RECORDS PROVIDED below:
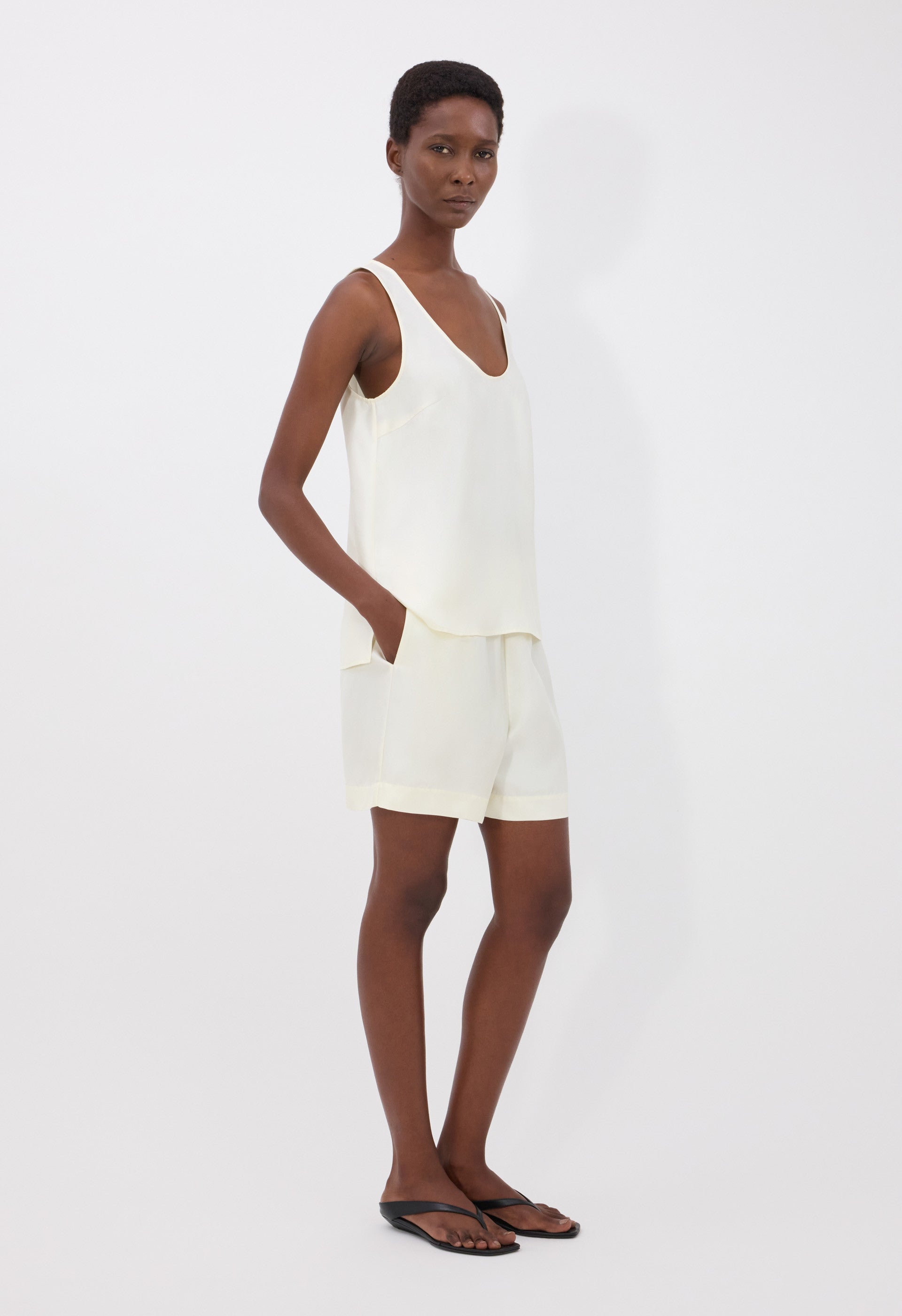 GABY Silk twill top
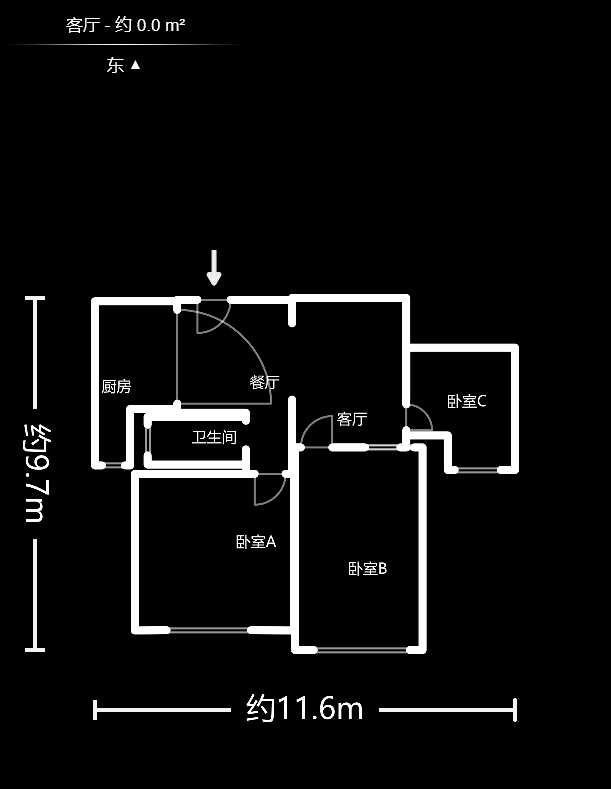 江山如画  3室1厅1卫    83.7万户型图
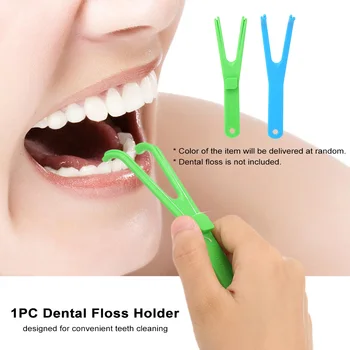 

1pcs Dental Floss Holder Y Shape Aid Oral Hygiene Toothpicks Holder for Teeth Care Interdental Teeth Cleaning Tools Random Color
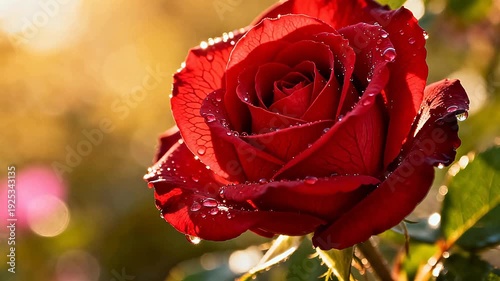 Red rose with water droplets
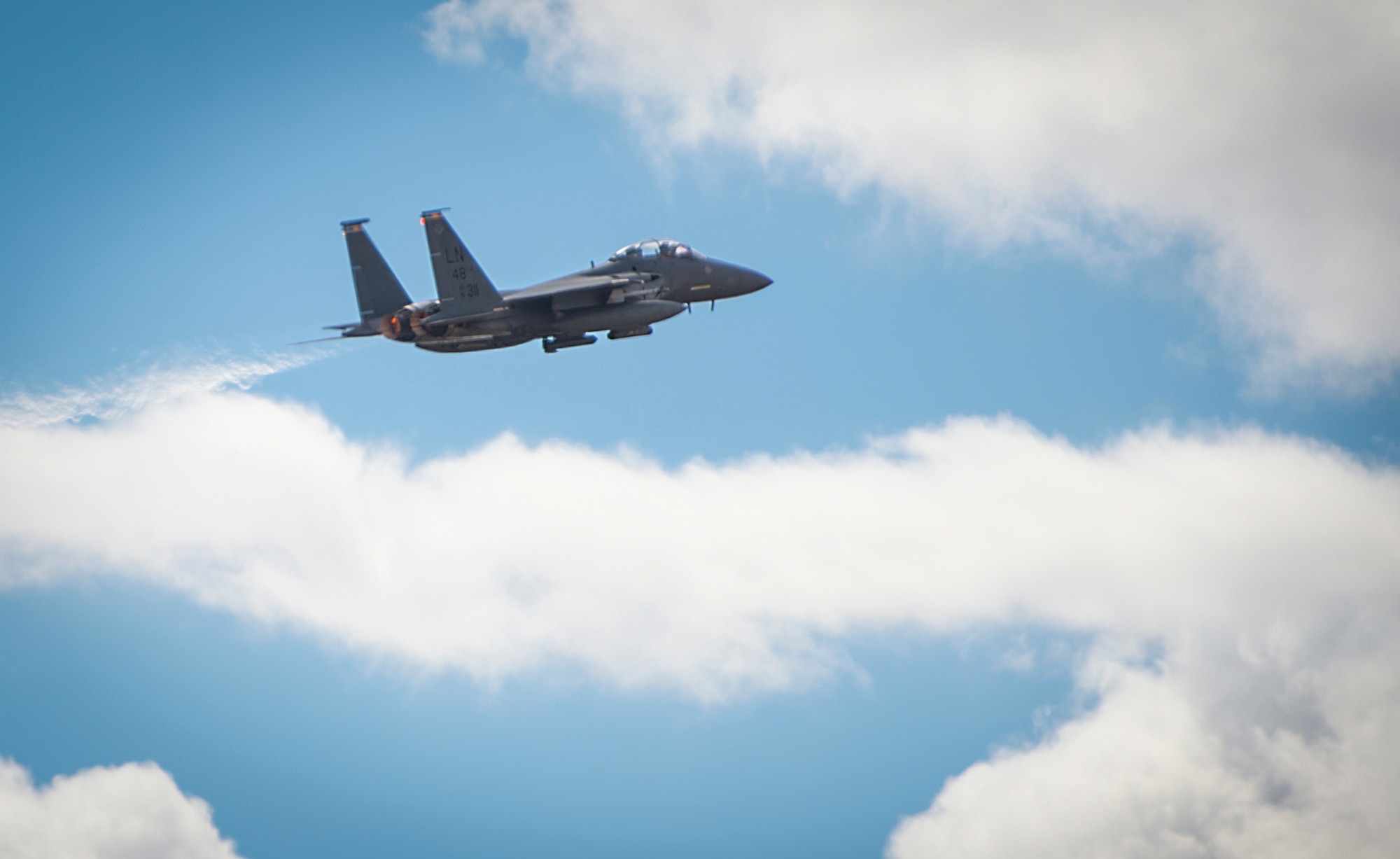 An F-15E Strike Eagle takes off for a sortie in support of Tactical Leadership Programme 16-3 at Los Llanos Air Base, Spain Sep. 14, 2016. The training prepares NATO and allied forces’ flight leaders to be mission commanders, lead coalition force air strike packages, instruct allied flying and non-flying personnel in matters related to tactical composite air operations, and provide tactical air expertise to NATO agencies. (U.S. Air Force photo/ Staff Sgt. Emerson Nuñez)
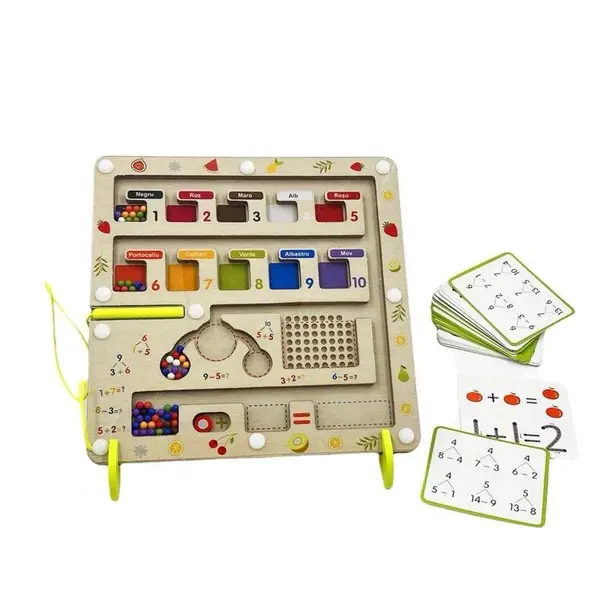 Labirint magnetic din lemn cu sortare si numere in limba romana - joc educativ Montessori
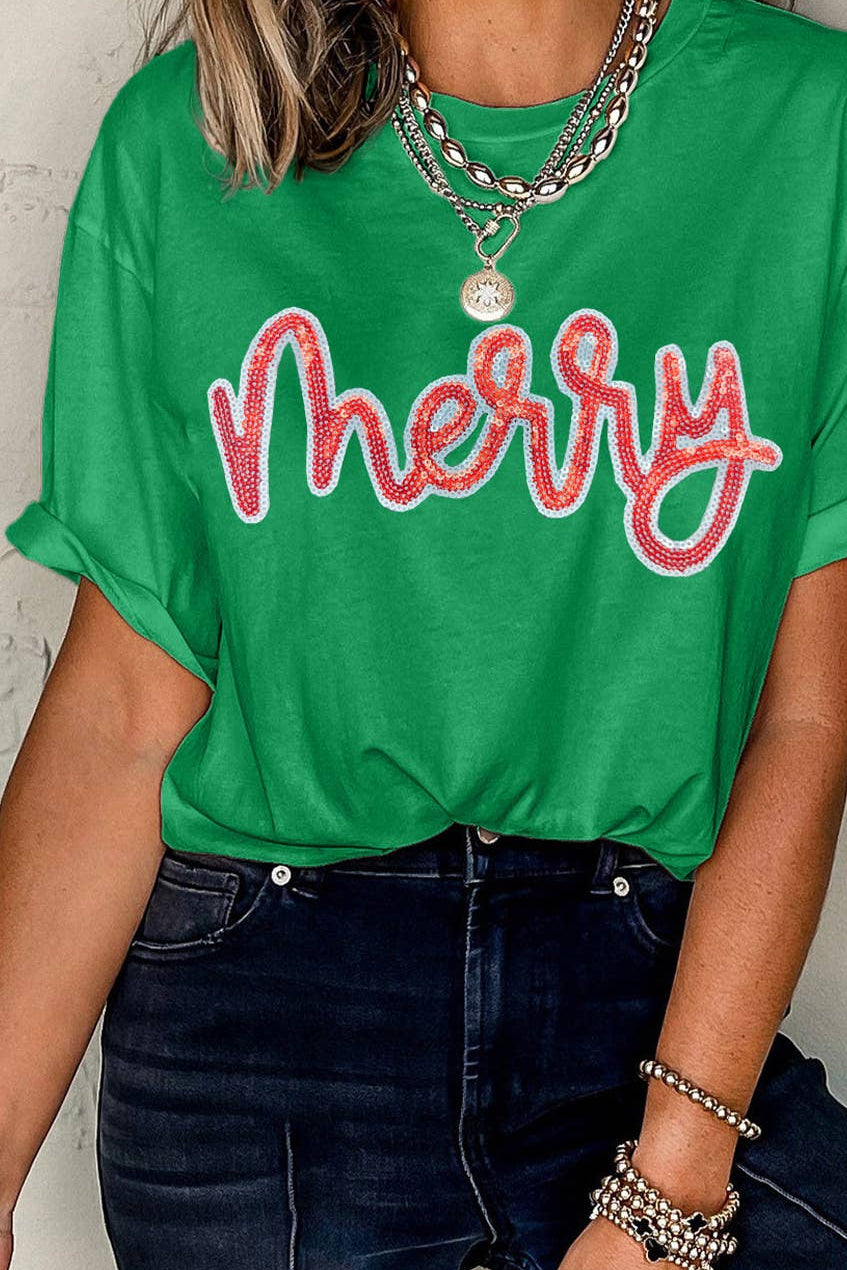 Merry Christmas Sequin Tee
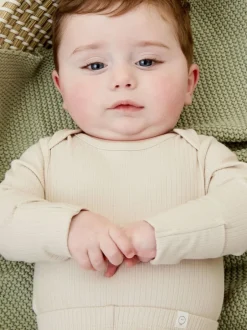 Mori Écru - Body côtelé extensible à manches longues et encolure Outlet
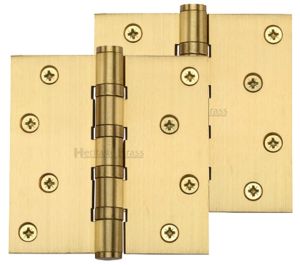 Heritage Brass 4" x 4" Ball Bearing (Steel Pin) Hinges, Satin Brass (sold in pairs)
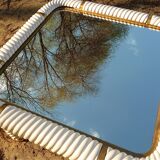 Table basse en céramique et verre miroir par Tommaso Barbi, Italie, années 1960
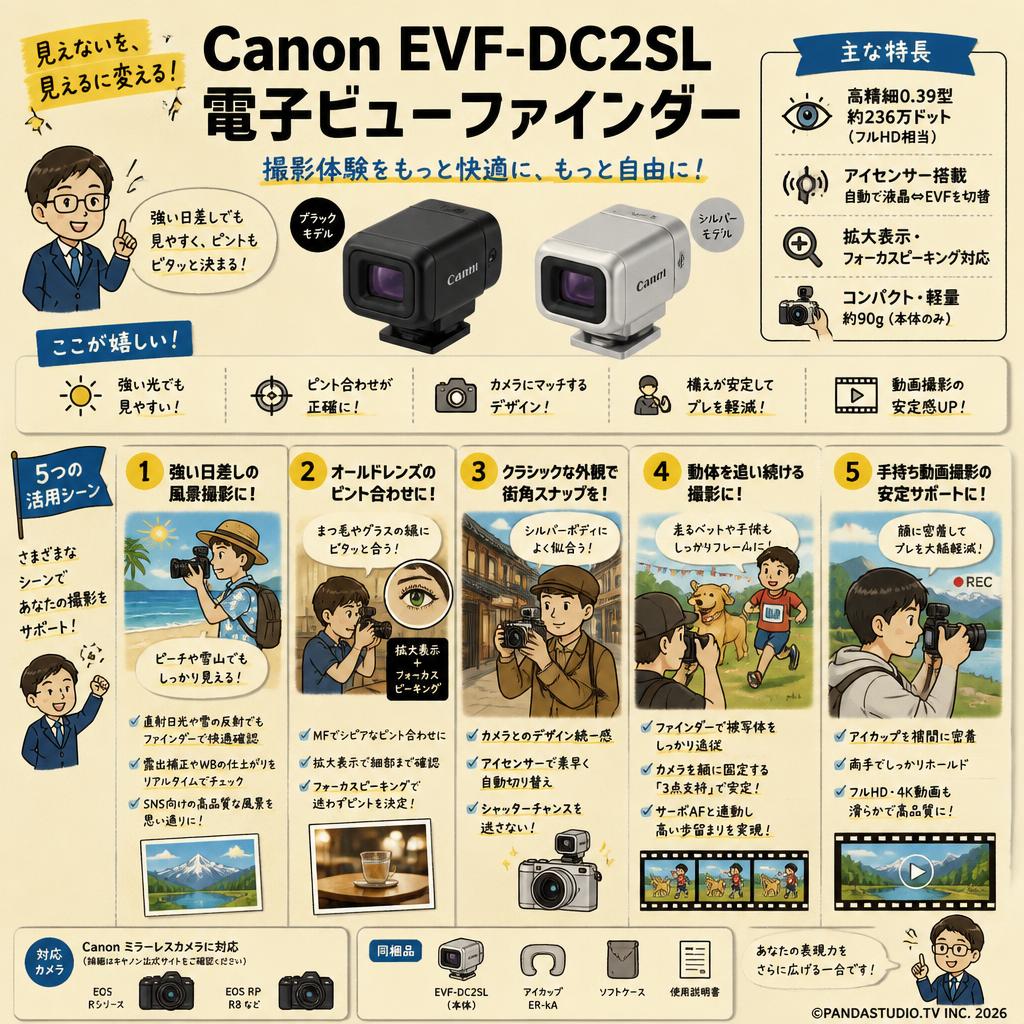 Canon EVF-DC2SL 電子ビューファインダー 用途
End of RECORDS PROVIDED.
■ PROBLEM REQUIREMENTS
Leaving out the images, return the entries above exactly as they read.

■ FINISHED TASK
 GABY Silk twill top
 江山如画  3室1厅1卫    83.7万户型图

1pcs Dental Floss Holder Y Shape Aid Oral Hygiene Toothpicks Holder for Teeth Care Interdental Teeth Cleaning Tools Random Color
 Red rose with water droplets
 An F-15E Strike Eagle takes off for a sortie in support of Tactical Leadership Programme 16-3 at Los Llanos Air Base, Spain Sep. 14, 2016. The training prepares NATO and allied forces’ flight leaders to be mission commanders, lead coalition force air strike packages, instruct allied flying and non-flying personnel in matters related to tactical composite air operations, and provide tactical air expertise to NATO agencies. (U.S. Air Force photo/ Staff Sgt. Emerson Nuñez)
 Labirint magnetic din lemn cu sortare si numere in limba romana - joc educativ Montessori
 Merry Christmas Sequin Tee
 Mori Écru - Body côtelé extensible à manches longues et encolure Outlet
 Heritage Brass 4" x 4" Ball Bearing (Steel Pin) Hinges, Satin Brass (sold in pairs)
 Table basse en céramique et verre miroir par Tommaso Barbi, Italie, années 1960
 Canon EVF-DC2SL 電子ビューファインダー 用途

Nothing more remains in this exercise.